Once the line holding "Mustafa POLAT Aralık, 2015" is written out, stop; begin at the first line of the material below and retype exactly, dropping pictures.
((
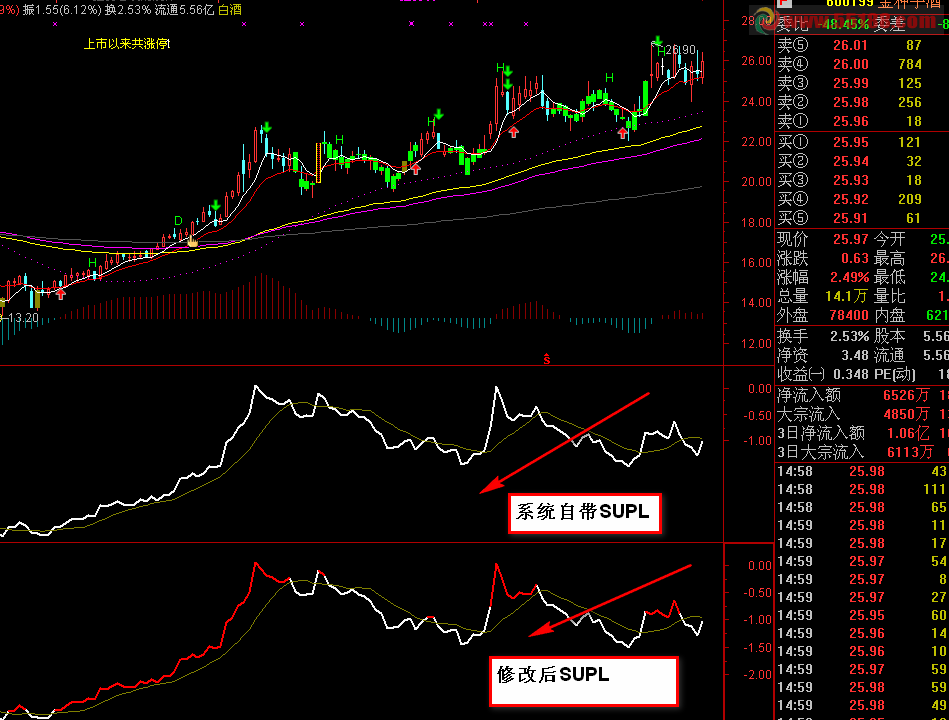 通达信SUPL主力集散线新界面公式
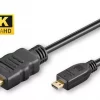 HDMI 2.0 til Micro HDMI  2m
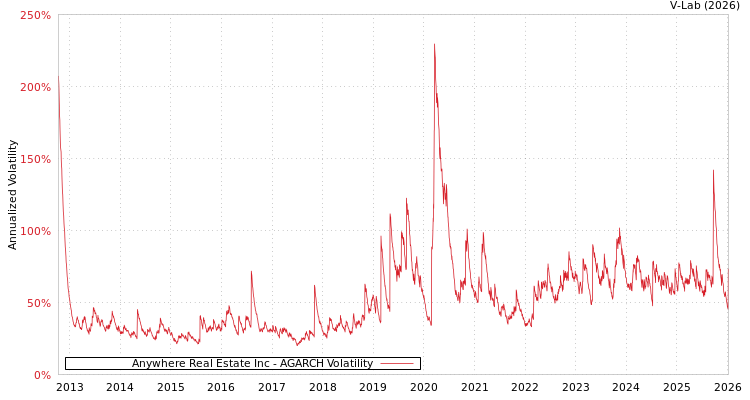 graph of Anywhere Real Estate Inc AGARCH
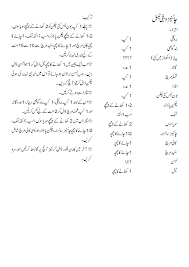 Chinese Vegetable By Shireen Anwar Urdu Chinese Vegetables Urdu Recipe Vegetable Fried Rice Recipe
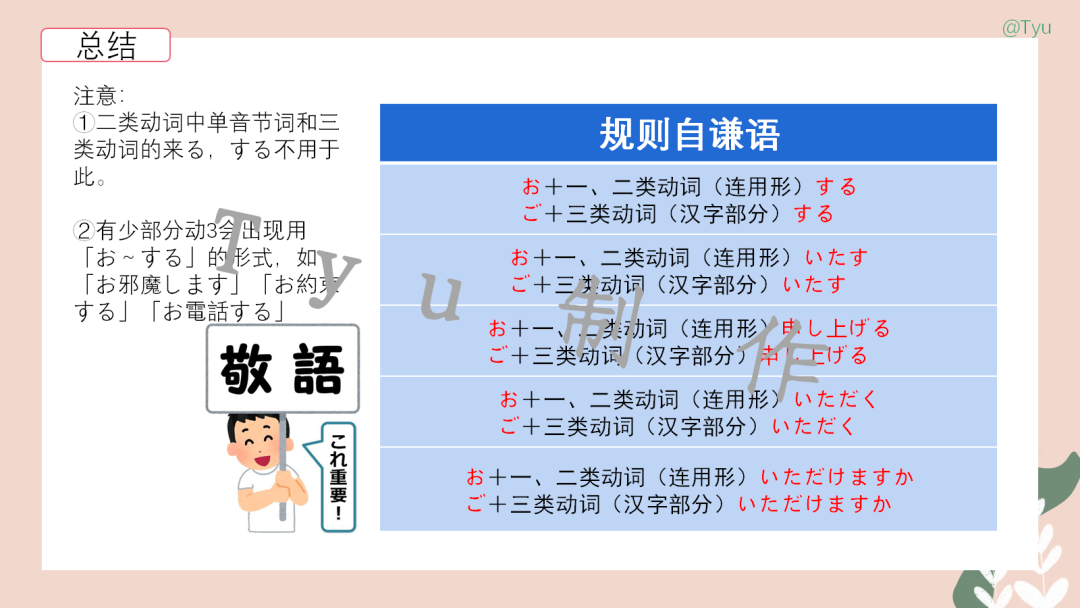 高考日语:敬语(尊他语、自谦语、郑重语)专题课件-第24张图片-四季读书网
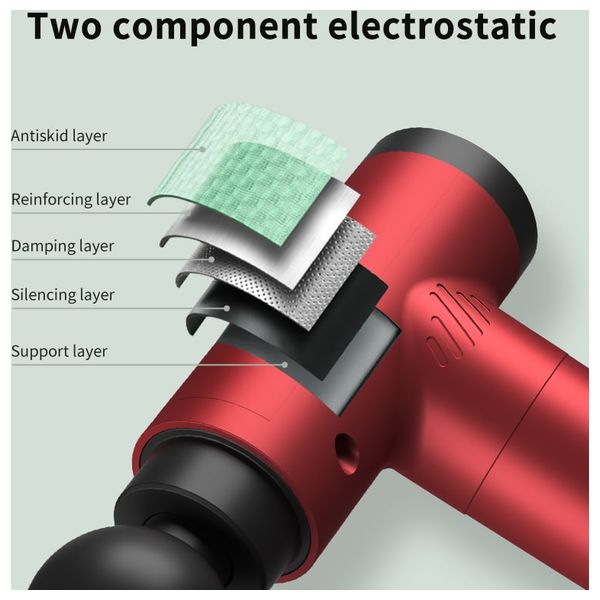  Hanar 014400027442 - Deep Tissue Muscle Massage Gun 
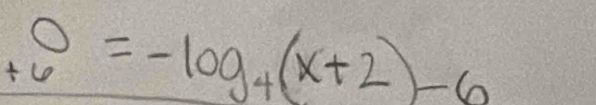 _+6=-log _4(x+2)-6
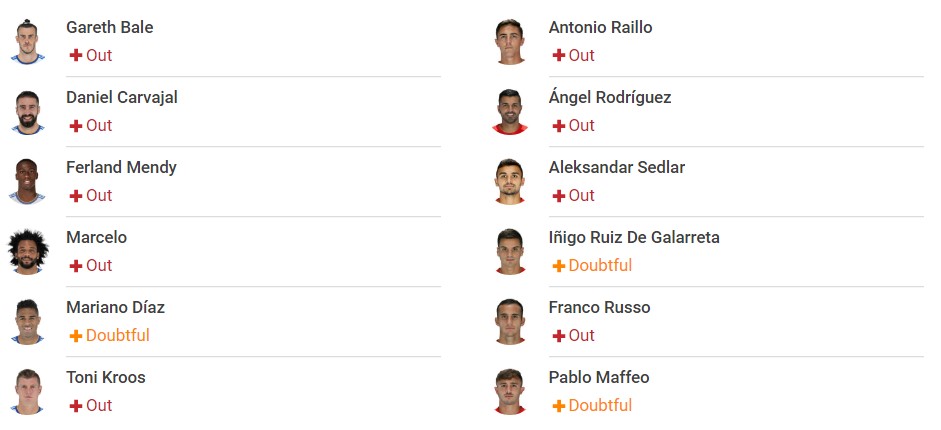 Nhận định Real Madrid vs Mallorca (3h, 23/09) vòng 6 La Liga: Khó cản song sát Benzema - Vinicius - Ảnh 2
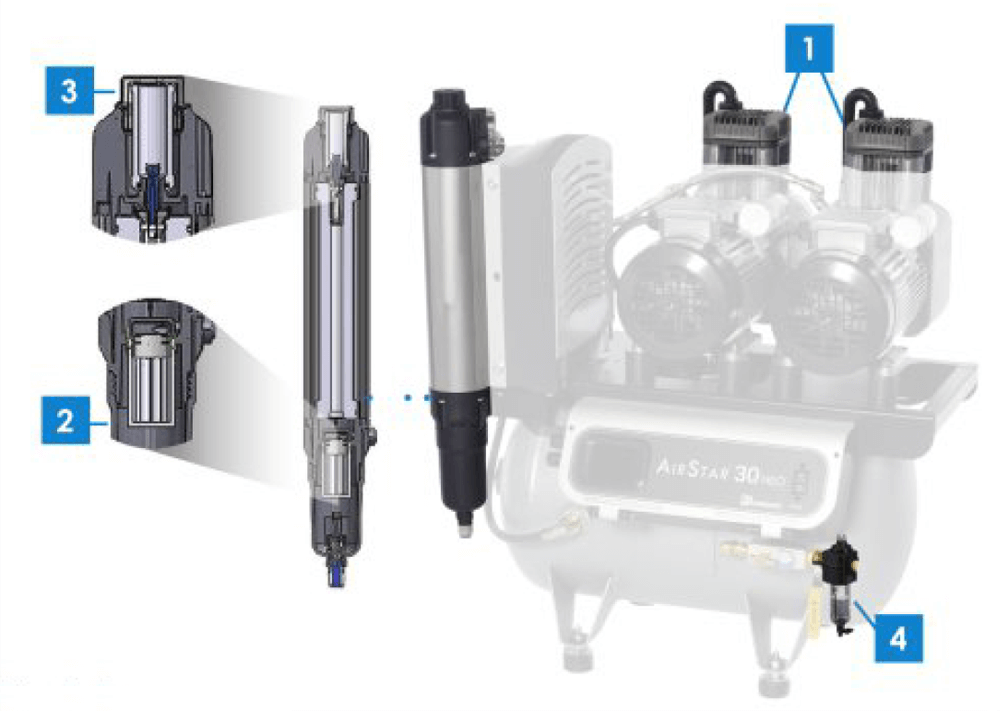 AirTechniques AirStar & AirStar NEO 空氣壓縮機產品特色圖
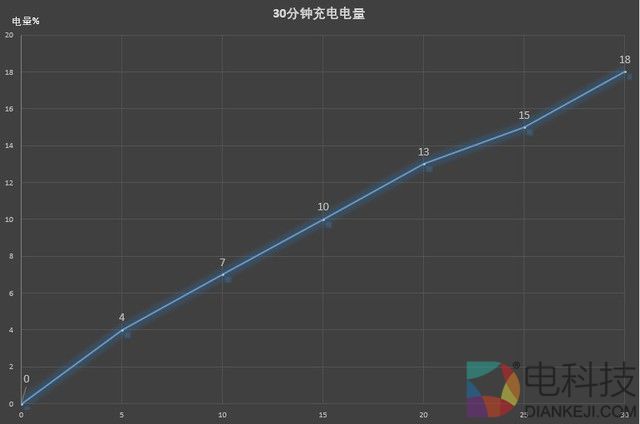 魅蓝6T评测(发布会前不发)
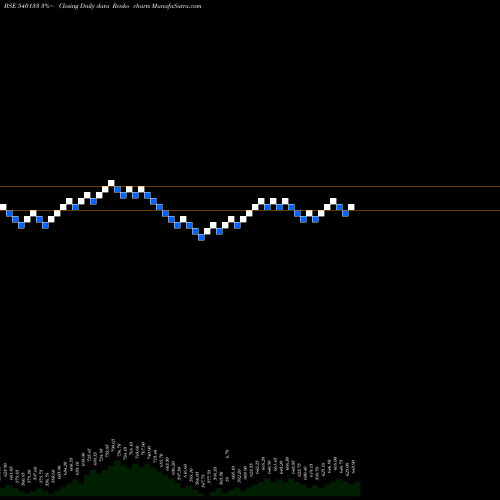 Free Renko charts ICICIPRULI 540133 share BSE Stock Exchange 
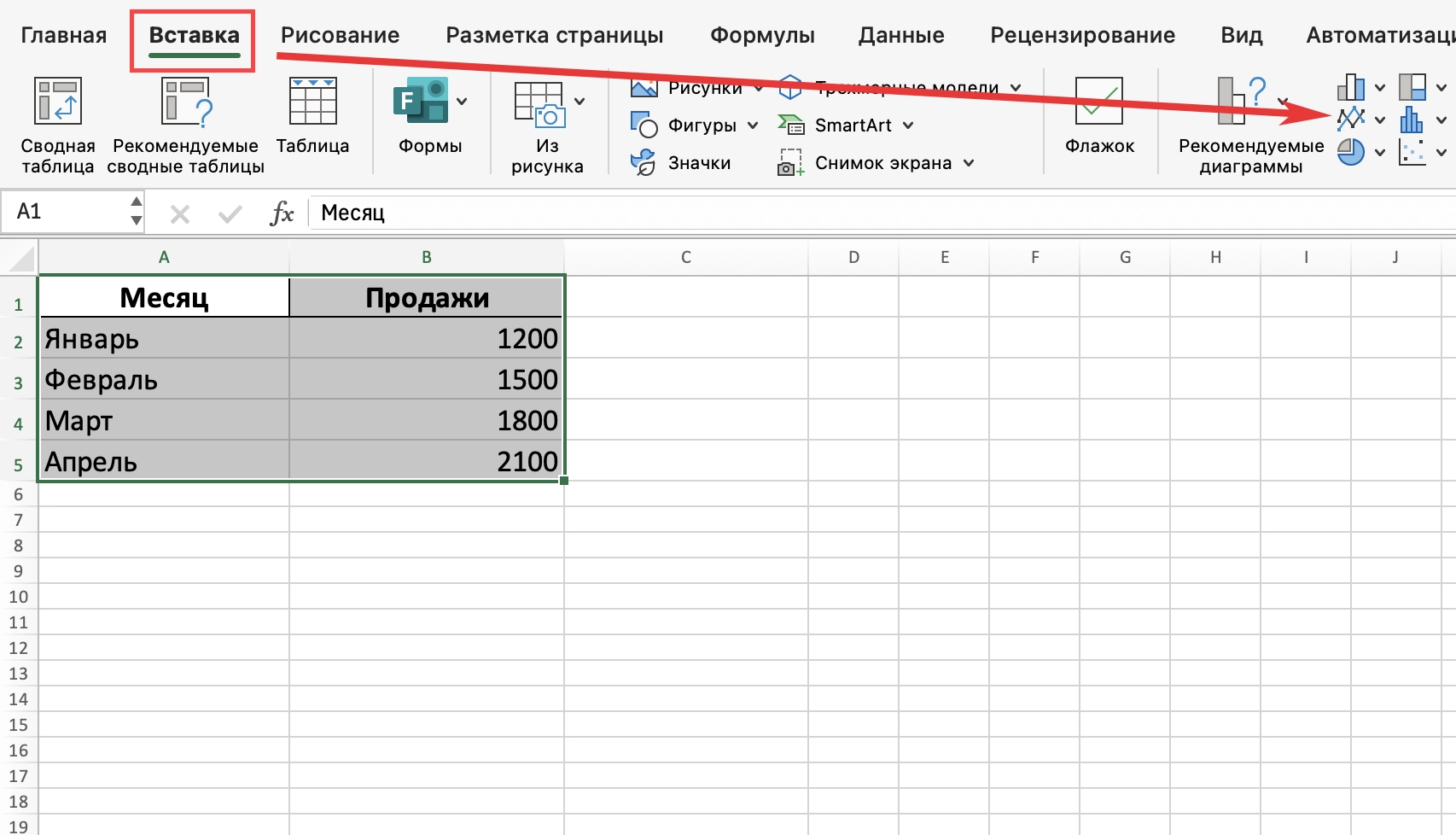 Вкладка Вставка → выбор диаграммы
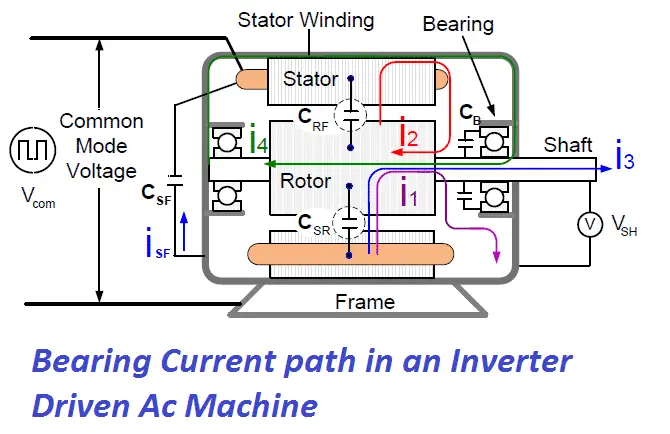 bearing current path in VFD driven motor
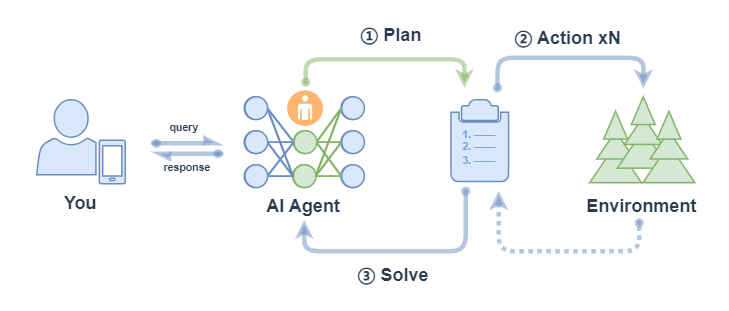 ReWOO Agent 架构示意图
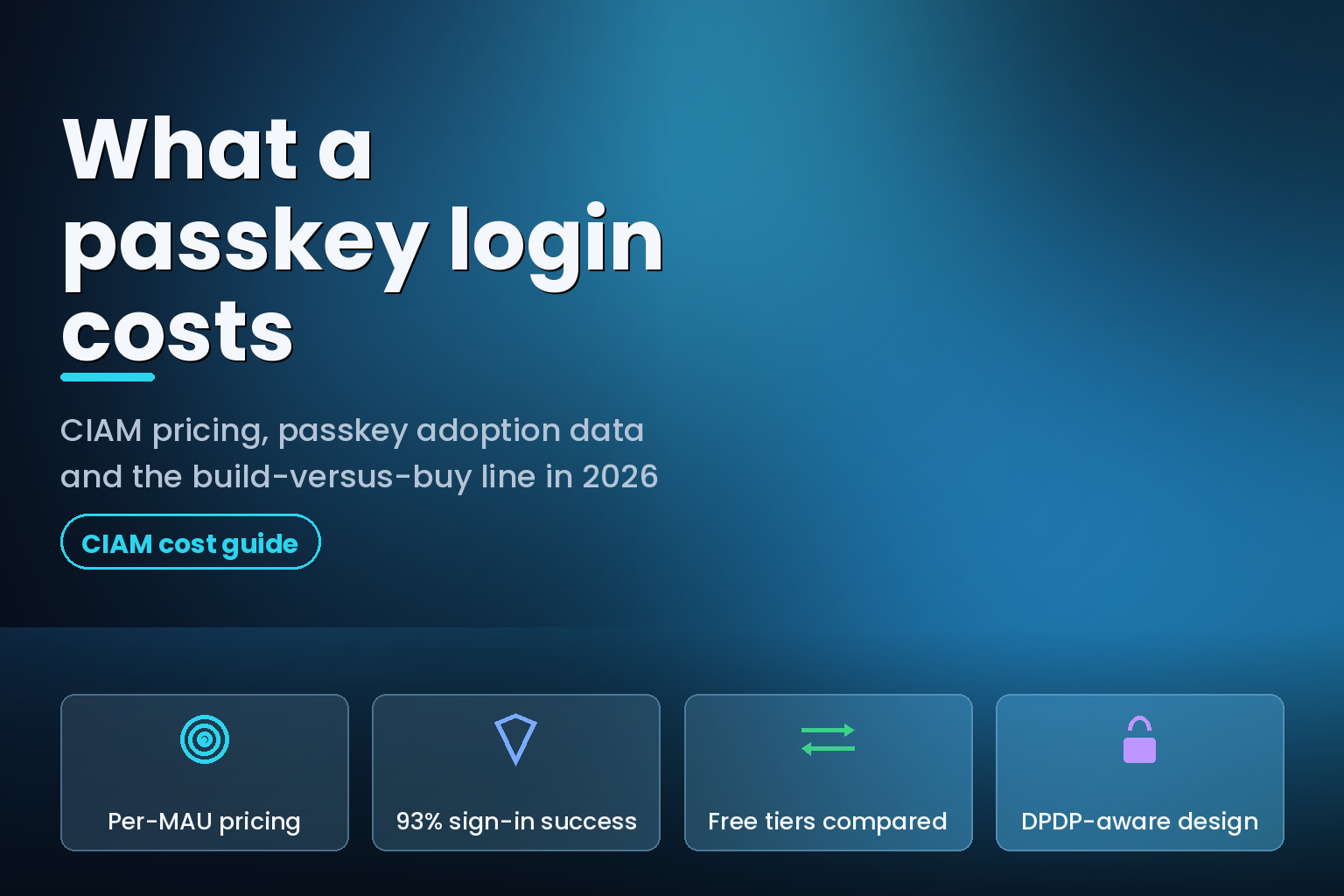 Hero graphic reading what a passkey login costs, with four CIAM cost and adoption tiles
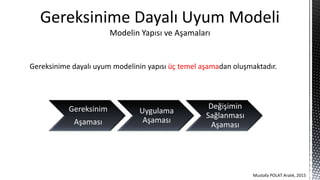 Gereksinime dayalı uyum modelinin yapısı üç temel aşamadan oluşmaktadır.
Gereksinim
Aşaması
Uygulama
Aşaması
Değişimin
Sağlanması
Aşaması
Gereksinime Dayalı Uyum Modeli
Modelin Yapısı ve Aşamaları
Mustafa POLAT Aralık, 2015
 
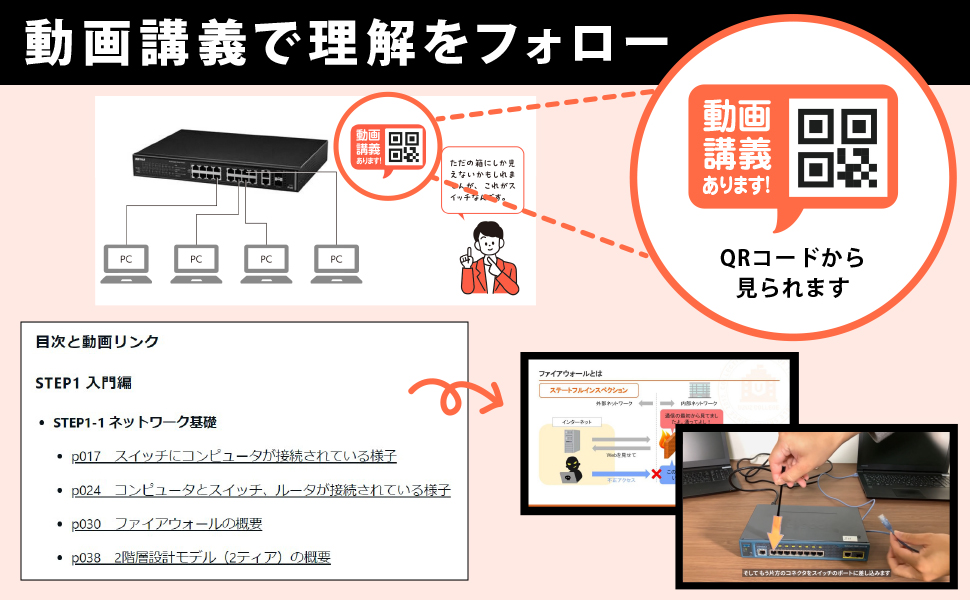 基礎からわかる！CCNA最短合格講義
))
Result of this task:
 通达信SUPL主力集散线新界面公式
 HDMI 2.0 til Micro HDMI  2m
 graph of Anywhere Real Estate Inc AGARCH
 Chinese Vegetable By Shireen Anwar Urdu Chinese Vegetables Urdu Recipe Vegetable Fried Rice Recipe
 高考日语:敬语(尊他语、自谦语、郑重语)专题课件-第24张图片-四季读书网
  Hanar 014400027442 - Deep Tissue Muscle Massage Gun 
 _+6=-log _4(x+2)-6
 Nhận định Real Madrid vs Mallorca (3h, 23/09) vòng 6 La Liga: Khó cản song sát Benzema - Vinicius - Ảnh 2
 AirTechniques AirStar & AirStar NEO 空氣壓縮機產品特色圖
 魅蓝6T评测(发布会前不发)
 Free Renko charts ICICIPRULI 540133 share BSE Stock Exchange 
 Вкладка Вставка → выбор диаграммы
 bearing current path in VFD driven motor
 ReWOO Agent 架构示意图
 Hero graphic reading what a passkey login costs, with four CIAM cost and adoption tiles
 Gereksinime dayalı uyum modelinin yapısı üç temel aşamadan oluşmaktadır.
Gereksinim
Aşaması
Uygulama
Aşaması
Değişimin
Sağlanması
Aşaması
Gereksinime Dayalı Uyum Modeli
Modelin Yapısı ve Aşamaları
Mustafa POLAT Aralık, 2015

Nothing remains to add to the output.